WHAT YOU WILL DO →
The reply should hold only the lines below beginning at the one with "MEN’S BLACK CROSS BAG GENUINE LEATHER MEN’S" and ending at the one with "Parakeet Pattern Print", copied exactly, with every picture left out.

ENTRIES SUPPLIED →
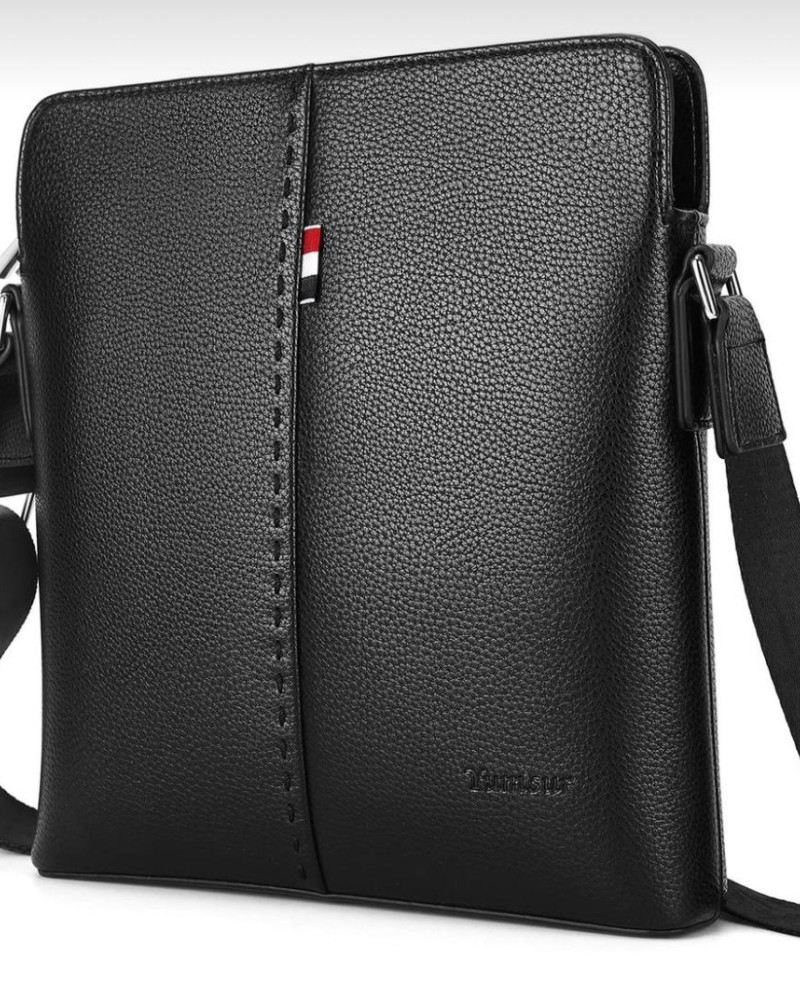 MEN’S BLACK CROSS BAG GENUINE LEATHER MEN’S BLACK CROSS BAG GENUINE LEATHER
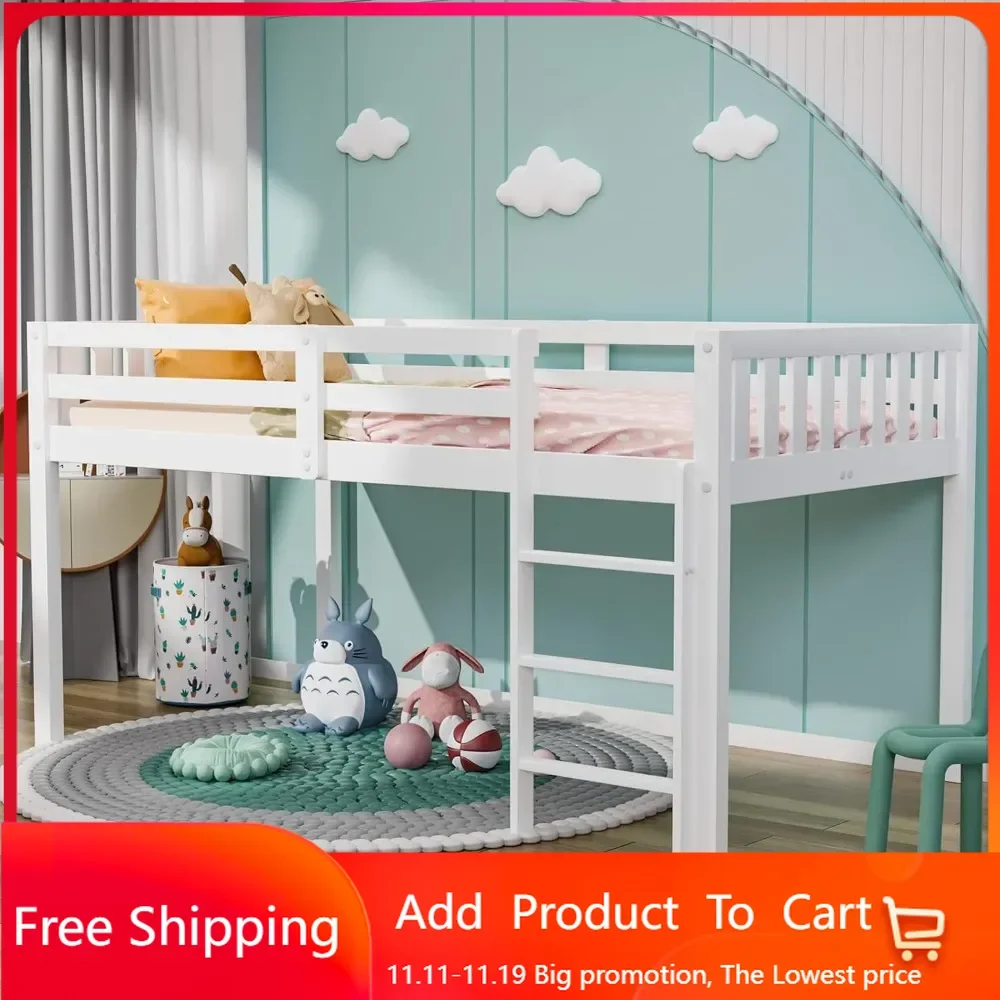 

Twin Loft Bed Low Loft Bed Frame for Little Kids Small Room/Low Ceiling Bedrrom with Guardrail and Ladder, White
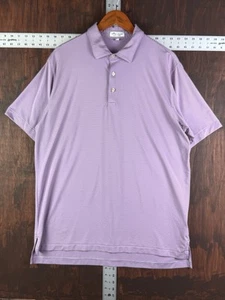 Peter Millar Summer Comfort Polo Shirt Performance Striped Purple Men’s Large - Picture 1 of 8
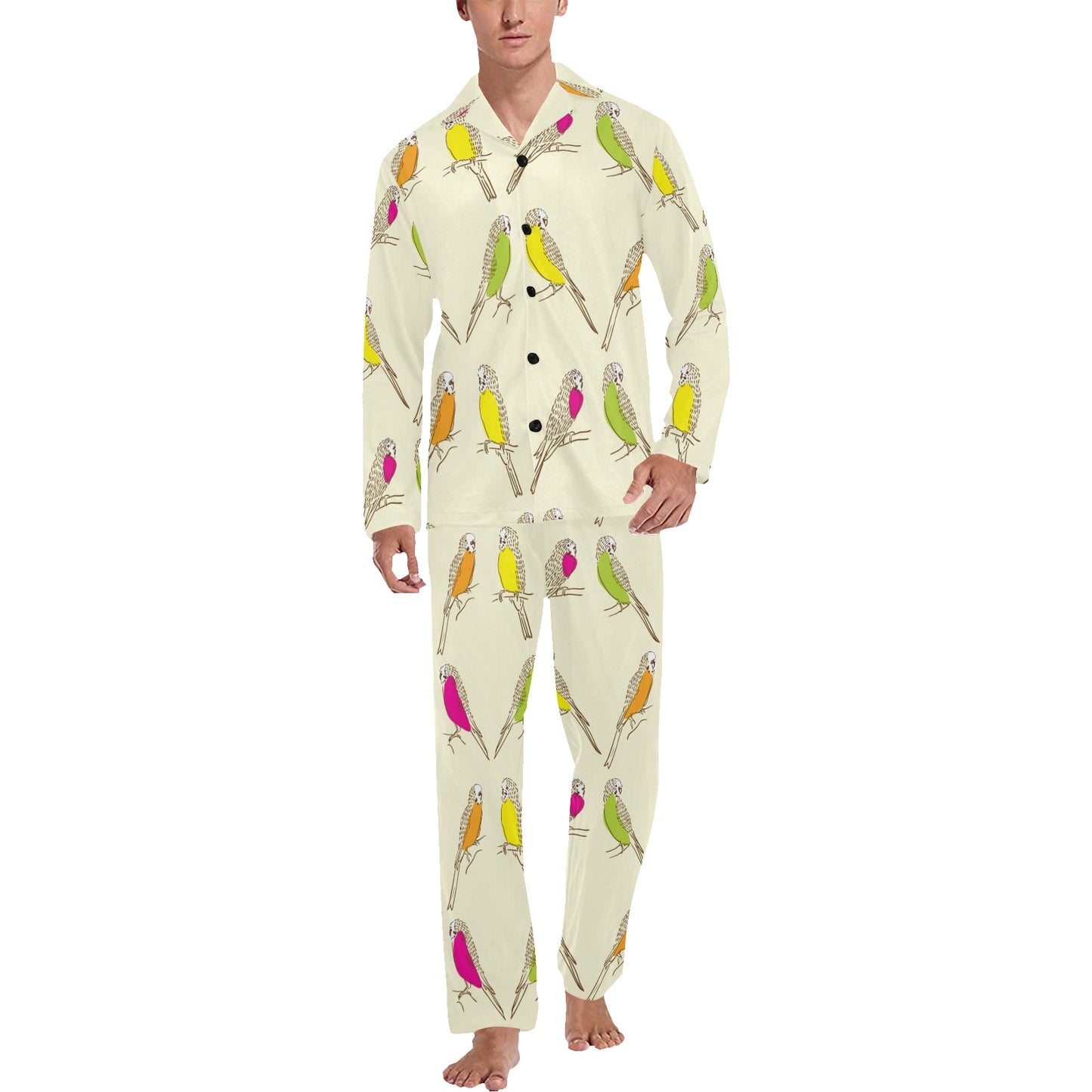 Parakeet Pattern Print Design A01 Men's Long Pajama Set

* * *

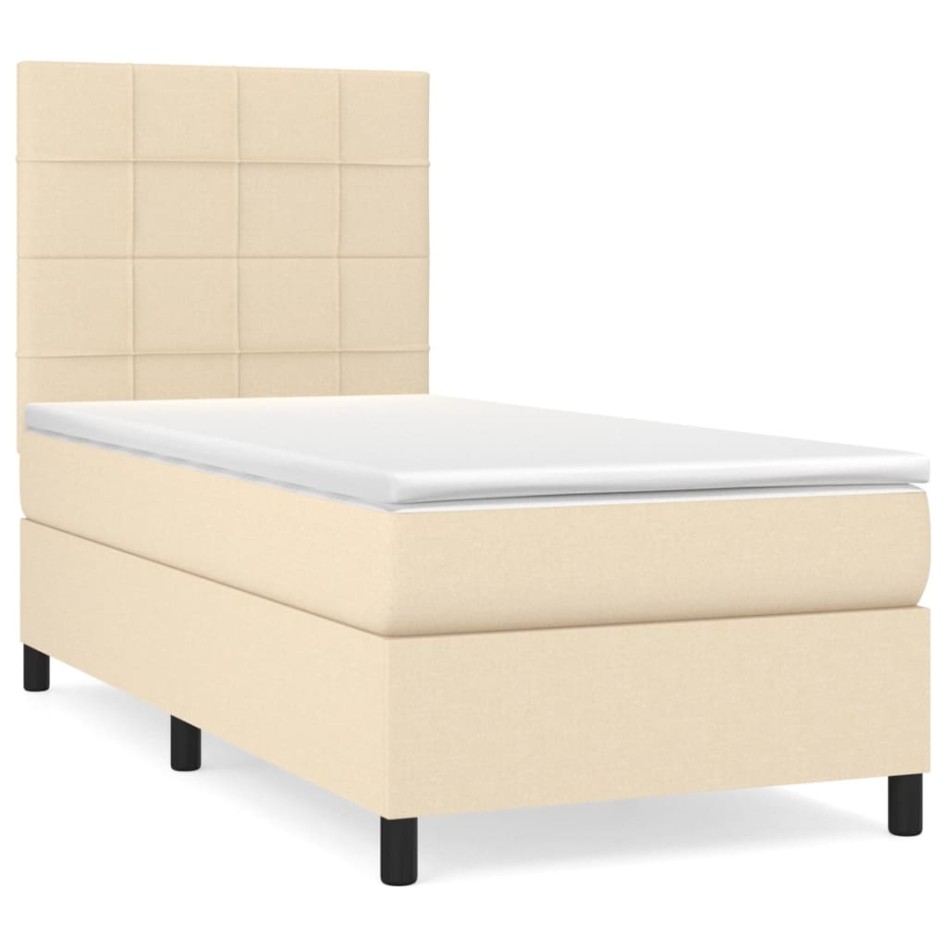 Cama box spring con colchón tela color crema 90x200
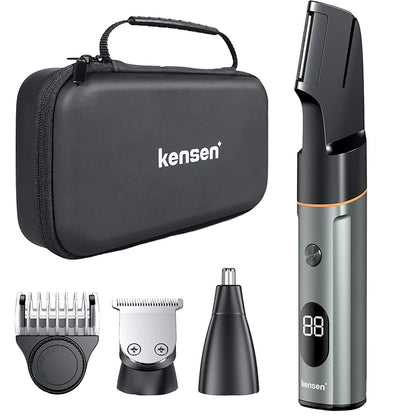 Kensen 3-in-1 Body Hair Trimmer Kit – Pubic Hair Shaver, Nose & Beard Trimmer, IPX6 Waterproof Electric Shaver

* * *

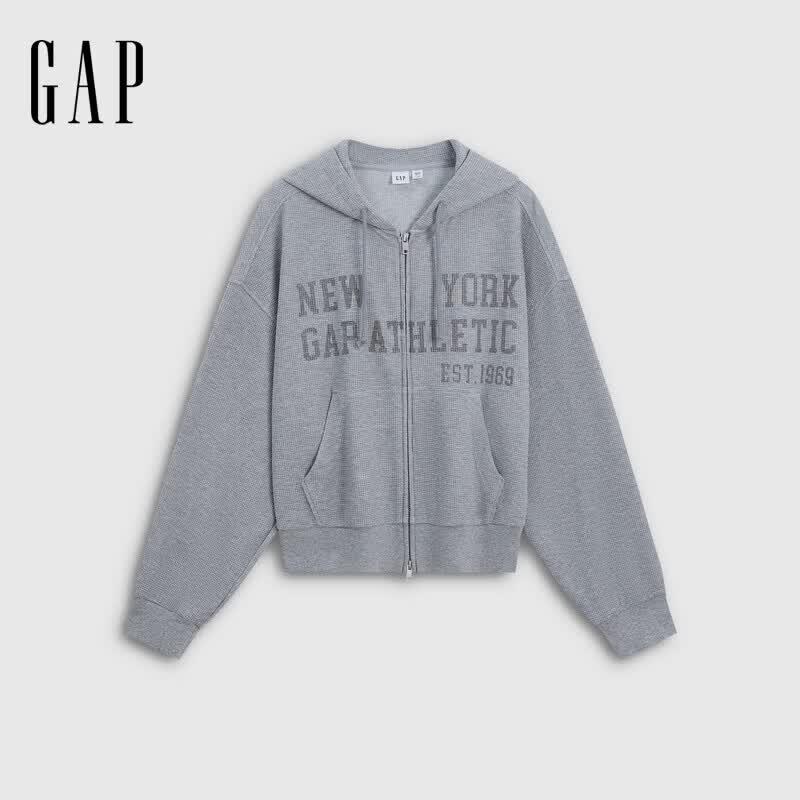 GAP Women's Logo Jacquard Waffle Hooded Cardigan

FINAL ANSWER →
 MEN’S BLACK CROSS BAG GENUINE LEATHER MEN’S BLACK CROSS BAG GENUINE LEATHER

Twin Loft Bed Low Loft Bed Frame for Little Kids Small Room/Low Ceiling Bedrrom with Guardrail and Ladder, White
 Peter Millar Summer Comfort Polo Shirt Performance Striped Purple Men’s Large - Picture 1 of 8
 Parakeet Pattern Print Design A01 Men's Long Pajama Set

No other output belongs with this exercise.